Un hôpital désaffecté qui attend d’être converti en logements, une ancienne usine en attente des travaux qui la transformeront en bureaux… Pendant des mois, voire des années, ces bâtiments restent inutilisés, dans l’attente du début du chantier. Face à la saturation des dispositifs d’hébergement d’urgence, la Ville de Strasbourg mise sur l’habitat intercalaire pour accueillir des personnes sans-abris ou mal-logées. Elle travaille sur plusieurs projets d’habitat intercalaire, tout en précisant qu’il est encore « trop tôt pour communiquer sur le nombre et la localisation des lieux, toujours à l’étude ».

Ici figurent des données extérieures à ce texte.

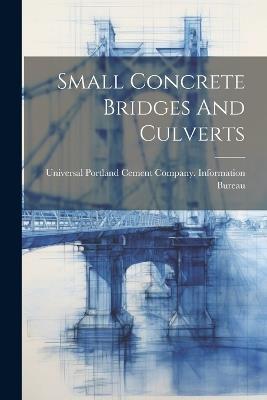 Small Concrete Bridges And Culverts - cover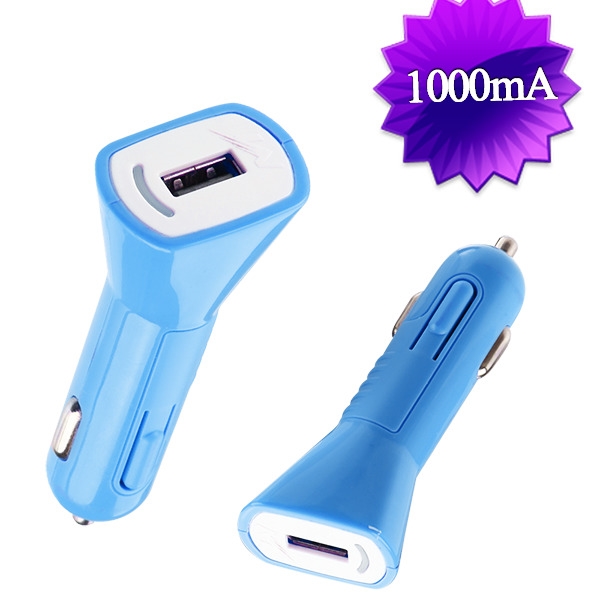 Picture of MyBat Car Charger Adapter(1A) - Blue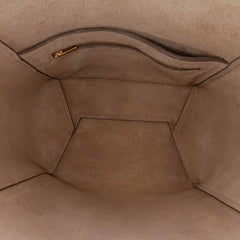 Small Soft Grained Calfskin Seau Sangle Bucket Bag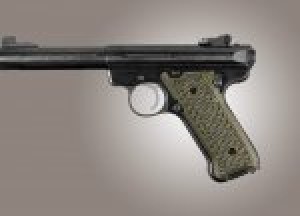Ruger MK II / MK III Piranha Grip G10 - G-Mascus Green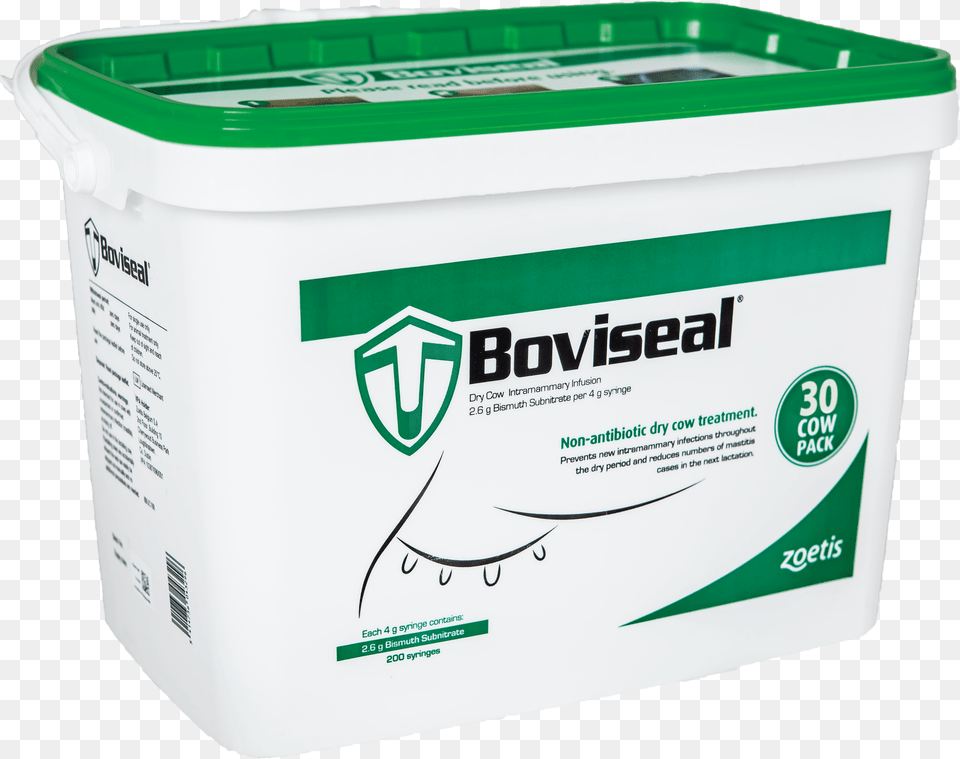 Boviseal Dry Cow Intramammary Infusion Box Free Png Download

L’habitat intercalaire, synonyme d’un meilleur accompagnement social

Les premières traces d’habitat intercalaire à Strasbourg remontent à 2019, à travers le projet Odylus, au Neudorf. Pendant 18 mois, en attendant le début des travaux qui devaient transformer l’ancienne clinique Sainte-Odile en logements, les associations L’Étage et Horizome ont hébergé et accompagné 94 personnes dans des locaux mis à leur disposition par le promoteur immobilier, Eddy Vingatamarin.

photo de l'extérieur de l'hôtel de la rue
Vendredi 23 octobre, les derniers habitants de l’Odylus quittent le bâtiment avant le début des travaux de l’ancienne clinique Sainte-Odile, au Neudorf. Photo : PF / Rue89 Strasbourg

Brice Mendès, directeur des services de L’Étage, assure que cet hébergement intercalaire a permis un meilleur accompagnement social des occupants :

« Les personnes en difficulté locative, à la rue ou à l’hôtel, sont souvent très isolées. Avec l’habitat intercalaire, on les regroupe dans un même bâtiment et on recrée du lien social. De notre côté, ça rend l’intervention sociale différente : les gens sont plus détendus quand on vient les voir à domicile que quand on les convoque dans un bureau. »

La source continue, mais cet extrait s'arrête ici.